Satnam Singh Bhamara, a 7’1” 290-pound Indian basketball prodigy, is exploring the possibility of declaring for the NBA Draft and will become a professional.
Satnam Singh Bhamara, a 7’1” 290-pound Indian basketball prodigy, is exploring the possibility of declaring for the NBA Draft and will become a professional. Singh has little chance of being drafted this year, but plans to embark on his professional career after not being able to qualify for a college scholarship.
Singh's announcement will resonate more in India than in the United States. The 19-year-old hails from a small wheat farm in Punjab and is considered India's best chance for producing its first NBA player. He’s already a staple on the Indian national basketball team and has been cast as a potentially transformative figure for popularizing basketball in India.
“I am doing great, workout out a lot,” Singh said. “I’m excited for a possible future in the NBA, and I know it would be good for India.”

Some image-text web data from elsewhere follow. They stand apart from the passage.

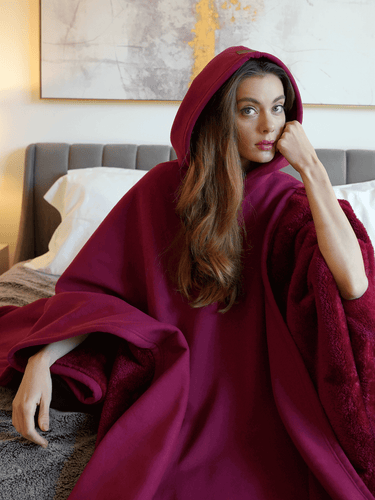 Oversize-Decken-Hoodie in Einheitsgröße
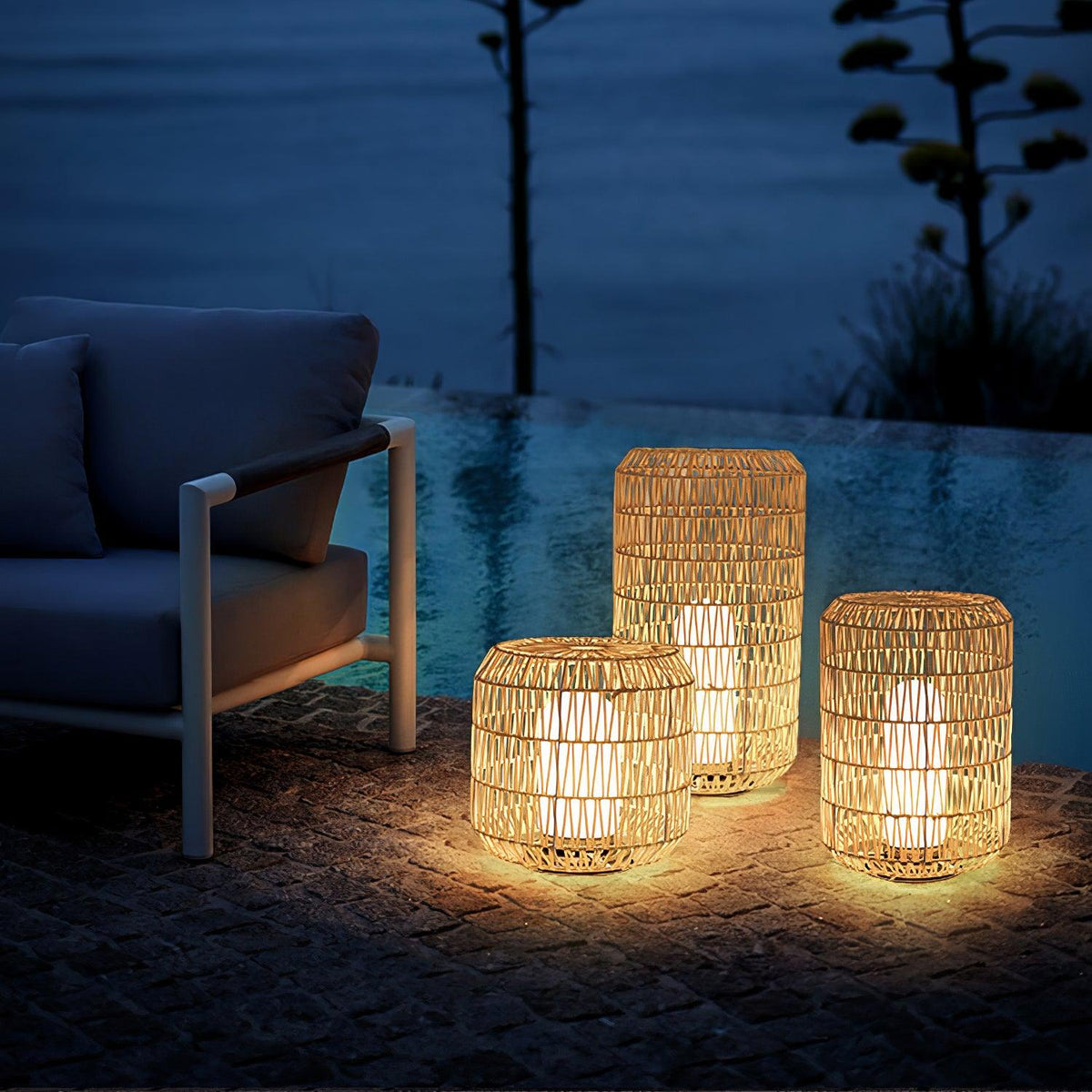 Woven Rattan Outdoor Lamp - view 25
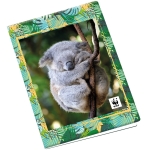 Тетрадка Panini WWF Fotografico - А4, 40 листа, широки редове, асортимент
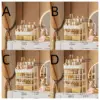 Boîte de rangement de maquillage multicouche 1 pièce, rangement de cosmétiques pour les soins de la peau, fard à paupières, Lotions rouge à lèvres, idéal pour commode, salle de bain, chambre à coucher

Singh is currently in Florida at IMG Academy, where he played for the post graduate team and averaged 9.2 points, 8.4 rebounds and 2.2 blocks in less than 20 minutes per game for the No. 2 team in the country. He drew recruiting interest from Purdue, Pittsburgh, USC, USF and UMass.
His potential professional upside is evolving into a big NBA body off the bench similar to journeyman center Aaron Gray. Singh will be represented by both Relativity Sports and WME/IMG, and his team of advisors felt like the best course would be finding a professional path to develop and refine his skills instead of going to junior college. Those around Singh are tempering immediate expectations, but there’s still a belief he could someday end up in the NBA.
“I do think he’ll end up in the NBA because I’ve seen his progress over the last four years,” said IMG Director of Basketball Kenny Natt, the former interim coach of the Sacramento Kings. “I’ve been in the league and know how guys like Satnam are looked upon. He has size, strength and touch. He has good hands and can run the floor. Those are the types of things that NBA teams value.”
The NBA has been tracking Singh’s development. The league considers India one of the great untapped basketball markets in the world. Only about five million of the country’s 1.2 billion people play basketball, as the sport has struggled with resonance in a country where soccer, cricket and field hockey are the dominant sports. Sim Bhullar, a 7’5” center from Canada, became the first player of Indian descent to appear in an NBA game earlier this month for the Sacramento Kings.
Singh’s game is considered to have a bigger upside than Bhullar's, and his presence in the NBA would likely reverberate more in India because he was born there. Singh hails from Ballo Ke, a village of about 800 in the Indian state of Punjab. His father, Balbir, farms wheat at a house that is four miles from the nearest paved road. Singh came to the United States in September 2010 as part of a scholarship program between IMG and Reliance, one of the dominant companies in India. He’s gone from speaking no English to becoming comfortable in conversation.
He’s also evolved as a player, overcoming knee, elbow and nose injuries his first four seasons to finally having a long stretch of play without significant injury this year. Singh can shoot with both hands, is a reliable free throw shooter and a massive defensive presence. His weaknesses are his agility and lateral movement, things that he can focus on as a professional for the next few years.
“This is the best route for him to begin peaking at 22 or 23 years old,” said Dan Barto, IMG Academy’s head skills trainer who will be working Singh out. “He can now focus 24 hours a day and seven days a week on competing with players his size along with expert coaching daily.”
The deadline to enter the NBA Draft is April 26. Singh could end up declaring and then pulling out if there’s little interest.
Regardless of the rate of his progression the next few years, there will be a lot of eyes on Singh’s progress. “The whole country of India is counting on him,” Natt said. “He knows this is his opportunity and he’s handling it. He knows that it’s show time.”